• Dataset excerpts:

- Opening Delimiter -

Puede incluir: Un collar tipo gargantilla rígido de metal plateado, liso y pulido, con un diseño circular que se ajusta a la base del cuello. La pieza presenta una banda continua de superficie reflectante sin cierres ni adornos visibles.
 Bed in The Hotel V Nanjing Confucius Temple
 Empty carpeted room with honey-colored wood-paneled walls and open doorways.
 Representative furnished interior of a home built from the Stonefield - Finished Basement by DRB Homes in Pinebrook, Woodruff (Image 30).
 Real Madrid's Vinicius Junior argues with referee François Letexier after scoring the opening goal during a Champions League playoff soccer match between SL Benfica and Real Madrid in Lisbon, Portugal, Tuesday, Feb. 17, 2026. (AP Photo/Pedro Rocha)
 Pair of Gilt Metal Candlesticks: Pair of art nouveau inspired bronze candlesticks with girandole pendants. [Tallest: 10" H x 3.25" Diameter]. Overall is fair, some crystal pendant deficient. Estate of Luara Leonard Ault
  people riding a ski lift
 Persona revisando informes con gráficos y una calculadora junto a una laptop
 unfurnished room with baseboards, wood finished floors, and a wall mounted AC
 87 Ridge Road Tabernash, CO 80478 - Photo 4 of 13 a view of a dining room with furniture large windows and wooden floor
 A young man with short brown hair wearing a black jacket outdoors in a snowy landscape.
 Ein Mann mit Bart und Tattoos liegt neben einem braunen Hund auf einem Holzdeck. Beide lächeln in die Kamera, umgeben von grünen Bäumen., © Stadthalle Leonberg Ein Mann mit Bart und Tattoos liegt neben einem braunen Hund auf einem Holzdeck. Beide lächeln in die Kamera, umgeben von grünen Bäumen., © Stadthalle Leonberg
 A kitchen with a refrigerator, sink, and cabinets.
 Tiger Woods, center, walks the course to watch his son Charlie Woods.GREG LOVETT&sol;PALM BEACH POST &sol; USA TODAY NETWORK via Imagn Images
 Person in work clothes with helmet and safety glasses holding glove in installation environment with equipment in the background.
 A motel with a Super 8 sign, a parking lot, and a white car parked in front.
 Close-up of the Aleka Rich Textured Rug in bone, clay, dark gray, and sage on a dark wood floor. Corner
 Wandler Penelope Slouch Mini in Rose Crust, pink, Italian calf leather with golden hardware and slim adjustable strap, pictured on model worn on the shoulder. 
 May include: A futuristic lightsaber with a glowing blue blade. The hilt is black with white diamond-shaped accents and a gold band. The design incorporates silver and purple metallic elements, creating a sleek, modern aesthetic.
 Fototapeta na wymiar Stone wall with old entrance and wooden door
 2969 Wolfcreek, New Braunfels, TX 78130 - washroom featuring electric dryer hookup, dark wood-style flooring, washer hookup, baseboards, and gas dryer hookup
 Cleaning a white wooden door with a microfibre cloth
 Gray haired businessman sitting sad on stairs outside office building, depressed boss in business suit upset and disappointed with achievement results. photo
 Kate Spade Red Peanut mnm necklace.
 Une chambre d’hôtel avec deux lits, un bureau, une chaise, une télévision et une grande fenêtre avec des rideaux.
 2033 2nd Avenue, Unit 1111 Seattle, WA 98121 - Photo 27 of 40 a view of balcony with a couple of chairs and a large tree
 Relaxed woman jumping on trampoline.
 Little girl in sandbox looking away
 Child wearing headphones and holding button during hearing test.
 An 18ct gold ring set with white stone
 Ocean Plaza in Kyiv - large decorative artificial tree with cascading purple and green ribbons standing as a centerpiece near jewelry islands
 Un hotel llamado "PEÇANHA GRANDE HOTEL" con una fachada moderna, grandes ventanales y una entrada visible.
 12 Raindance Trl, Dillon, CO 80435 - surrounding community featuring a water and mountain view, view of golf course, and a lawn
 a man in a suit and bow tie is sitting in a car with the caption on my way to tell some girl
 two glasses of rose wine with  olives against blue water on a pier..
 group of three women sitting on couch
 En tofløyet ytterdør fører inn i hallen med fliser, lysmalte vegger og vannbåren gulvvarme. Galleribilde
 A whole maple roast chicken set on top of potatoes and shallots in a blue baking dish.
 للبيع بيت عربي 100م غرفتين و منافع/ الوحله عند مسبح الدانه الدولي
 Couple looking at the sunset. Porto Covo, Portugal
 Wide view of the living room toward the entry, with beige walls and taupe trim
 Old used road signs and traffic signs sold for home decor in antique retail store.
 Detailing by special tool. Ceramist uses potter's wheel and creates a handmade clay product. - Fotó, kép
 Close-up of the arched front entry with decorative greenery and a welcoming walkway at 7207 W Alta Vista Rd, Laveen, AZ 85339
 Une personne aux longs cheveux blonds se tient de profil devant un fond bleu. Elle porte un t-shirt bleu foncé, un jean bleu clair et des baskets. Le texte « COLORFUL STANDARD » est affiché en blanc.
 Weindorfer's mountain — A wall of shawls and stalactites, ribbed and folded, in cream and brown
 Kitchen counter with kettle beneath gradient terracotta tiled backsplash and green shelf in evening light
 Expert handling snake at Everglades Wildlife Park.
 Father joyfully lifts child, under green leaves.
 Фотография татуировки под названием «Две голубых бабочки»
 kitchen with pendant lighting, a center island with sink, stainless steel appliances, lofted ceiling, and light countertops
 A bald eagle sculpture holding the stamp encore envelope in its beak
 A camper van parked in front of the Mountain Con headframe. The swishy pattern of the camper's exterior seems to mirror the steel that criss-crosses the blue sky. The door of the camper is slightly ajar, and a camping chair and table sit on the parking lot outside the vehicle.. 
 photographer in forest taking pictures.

- Closing Delimiter -

• Task objective: All records shown above are to be repeated exactly.

• Answer:
Puede incluir: Un collar tipo gargantilla rígido de metal plateado, liso y pulido, con un diseño circular que se ajusta a la base del cuello. La pieza presenta una banda continua de superficie reflectante sin cierres ni adornos visibles.
 Bed in The Hotel V Nanjing Confucius Temple
 Empty carpeted room with honey-colored wood-paneled walls and open doorways.
 Representative furnished interior of a home built from the Stonefield - Finished Basement by DRB Homes in Pinebrook, Woodruff (Image 30).
 Real Madrid's Vinicius Junior argues with referee François Letexier after scoring the opening goal during a Champions League playoff soccer match between SL Benfica and Real Madrid in Lisbon, Portugal, Tuesday, Feb. 17, 2026. (AP Photo/Pedro Rocha)
 Pair of Gilt Metal Candlesticks: Pair of art nouveau inspired bronze candlesticks with girandole pendants. [Tallest: 10" H x 3.25" Diameter]. Overall is fair, some crystal pendant deficient. Estate of Luara Leonard Ault
  people riding a ski lift
 Persona revisando informes con gráficos y una calculadora junto a una laptop
 unfurnished room with baseboards, wood finished floors, and a wall mounted AC
 87 Ridge Road Tabernash, CO 80478 - Photo 4 of 13 a view of a dining room with furniture large windows and wooden floor
 A young man with short brown hair wearing a black jacket outdoors in a snowy landscape.
 Ein Mann mit Bart und Tattoos liegt neben einem braunen Hund auf einem Holzdeck. Beide lächeln in die Kamera, umgeben von grünen Bäumen., © Stadthalle Leonberg Ein Mann mit Bart und Tattoos liegt neben einem braunen Hund auf einem Holzdeck. Beide lächeln in die Kamera, umgeben von grünen Bäumen., © Stadthalle Leonberg
 A kitchen with a refrigerator, sink, and cabinets.
 Tiger Woods, center, walks the course to watch his son Charlie Woods.GREG LOVETT&sol;PALM BEACH POST &sol; USA TODAY NETWORK via Imagn Images
 Person in work clothes with helmet and safety glasses holding glove in installation environment with equipment in the background.
 A motel with a Super 8 sign, a parking lot, and a white car parked in front.
 Close-up of the Aleka Rich Textured Rug in bone, clay, dark gray, and sage on a dark wood floor. Corner
 Wandler Penelope Slouch Mini in Rose Crust, pink, Italian calf leather with golden hardware and slim adjustable strap, pictured on model worn on the shoulder. 
 May include: A futuristic lightsaber with a glowing blue blade. The hilt is black with white diamond-shaped accents and a gold band. The design incorporates silver and purple metallic elements, creating a sleek, modern aesthetic.
 Fototapeta na wymiar Stone wall with old entrance and wooden door
 2969 Wolfcreek, New Braunfels, TX 78130 - washroom featuring electric dryer hookup, dark wood-style flooring, washer hookup, baseboards, and gas dryer hookup
 Cleaning a white wooden door with a microfibre cloth
 Gray haired businessman sitting sad on stairs outside office building, depressed boss in business suit upset and disappointed with achievement results. photo
 Kate Spade Red Peanut mnm necklace.
 Une chambre d’hôtel avec deux lits, un bureau, une chaise, une télévision et une grande fenêtre avec des rideaux.
 2033 2nd Avenue, Unit 1111 Seattle, WA 98121 - Photo 27 of 40 a view of balcony with a couple of chairs and a large tree
 Relaxed woman jumping on trampoline.
 Little girl in sandbox looking away
 Child wearing headphones and holding button during hearing test.
 An 18ct gold ring set with white stone
 Ocean Plaza in Kyiv - large decorative artificial tree with cascading purple and green ribbons standing as a centerpiece near jewelry islands
 Un hotel llamado "PEÇANHA GRANDE HOTEL" con una fachada moderna, grandes ventanales y una entrada visible.
 12 Raindance Trl, Dillon, CO 80435 - surrounding community featuring a water and mountain view, view of golf course, and a lawn
 a man in a suit and bow tie is sitting in a car with the caption on my way to tell some girl
 two glasses of rose wine with  olives against blue water on a pier..
 group of three women sitting on couch
 En tofløyet ytterdør fører inn i hallen med fliser, lysmalte vegger og vannbåren gulvvarme. Galleribilde
 A whole maple roast chicken set on top of potatoes and shallots in a blue baking dish.
 للبيع بيت عربي 100م غرفتين و منافع/ الوحله عند مسبح الدانه الدولي
 Couple looking at the sunset. Porto Covo, Portugal
 Wide view of the living room toward the entry, with beige walls and taupe trim
 Old used road signs and traffic signs sold for home decor in antique retail store.
 Detailing by special tool. Ceramist uses potter's wheel and creates a handmade clay product. - Fotó, kép
 Close-up of the arched front entry with decorative greenery and a welcoming walkway at 7207 W Alta Vista Rd, Laveen, AZ 85339
 Une personne aux longs cheveux blonds se tient de profil devant un fond bleu. Elle porte un t-shirt bleu foncé, un jean bleu clair et des baskets. Le texte « COLORFUL STANDARD » est affiché en blanc.
 Weindorfer's mountain — A wall of shawls and stalactites, ribbed and folded, in cream and brown
 Kitchen counter with kettle beneath gradient terracotta tiled backsplash and green shelf in evening light
 Expert handling snake at Everglades Wildlife Park.
 Father joyfully lifts child, under green leaves.
 Фотография татуировки под названием «Две голубых бабочки»
 kitchen with pendant lighting, a center island with sink, stainless steel appliances, lofted ceiling, and light countertops
 A bald eagle sculpture holding the stamp encore envelope in its beak
 A camper van parked in front of the Mountain Con headframe. The swishy pattern of the camper's exterior seems to mirror the steel that criss-crosses the blue sky. The door of the camper is slightly ajar, and a camping chair and table sit on the parking lot outside the vehicle.. 
 photographer in forest taking pictures.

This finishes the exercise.